TO DO: The required output is the exact run of lines in the listing below from the line holding "全面掌握欧协杯决赛规则的核心要点与关键解析深度实用指南详尽版 全面掌握欧协杯决赛规则的核心要点与关键解析深度实用指南详尽版" through the line holding "Use the following", with no pictures.

DATA:
--- START ---

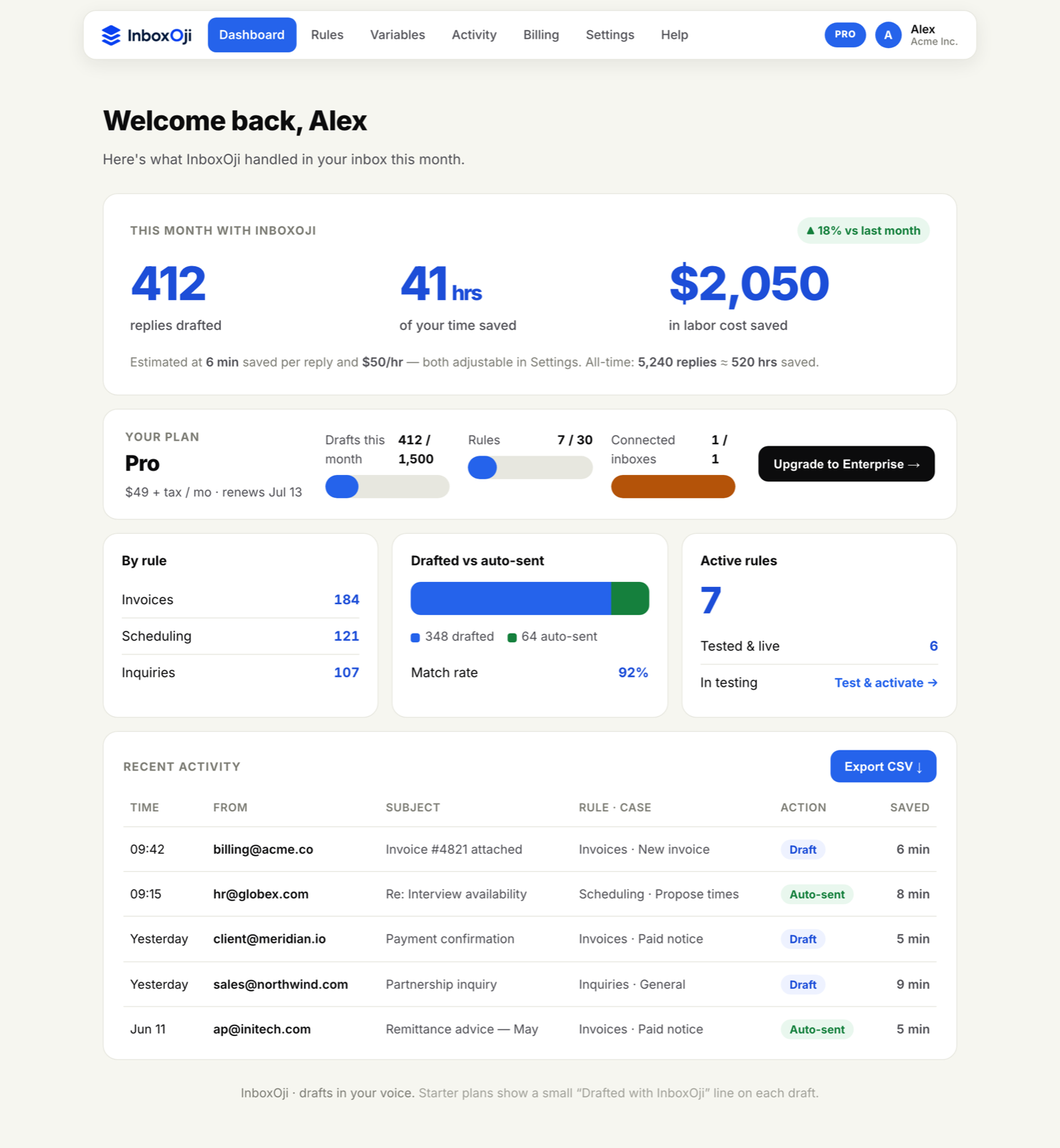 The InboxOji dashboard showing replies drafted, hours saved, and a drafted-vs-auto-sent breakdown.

--- END ---
--- START ---

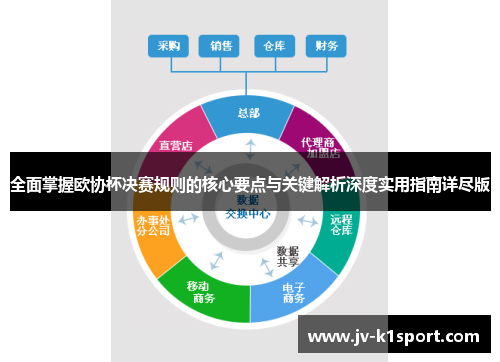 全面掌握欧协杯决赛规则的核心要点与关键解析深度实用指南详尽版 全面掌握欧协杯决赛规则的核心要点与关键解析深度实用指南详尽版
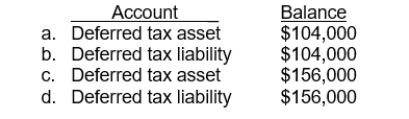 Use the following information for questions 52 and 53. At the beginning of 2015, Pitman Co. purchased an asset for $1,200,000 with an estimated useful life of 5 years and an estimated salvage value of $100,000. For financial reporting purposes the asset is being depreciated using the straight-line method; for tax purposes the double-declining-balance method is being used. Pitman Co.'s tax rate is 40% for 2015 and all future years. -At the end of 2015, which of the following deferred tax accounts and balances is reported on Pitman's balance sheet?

--- END ---

RESULT:
 全面掌握欧协杯决赛规则的核心要点与关键解析深度实用指南详尽版 全面掌握欧协杯决赛规则的核心要点与关键解析深度实用指南详尽版
 Use the following information for questions 52 and 53. At the beginning of 2015, Pitman Co. purchased an asset for $1,200,000 with an estimated useful life of 5 years and an estimated salvage value of $100,000. For financial reporting purposes the asset is being depreciated using the straight-line method; for tax purposes the double-declining-balance method is being used. Pitman Co.'s tax rate is 40% for 2015 and all future years. -At the end of 2015, which of the following deferred tax accounts and balances is reported on Pitman's balance sheet?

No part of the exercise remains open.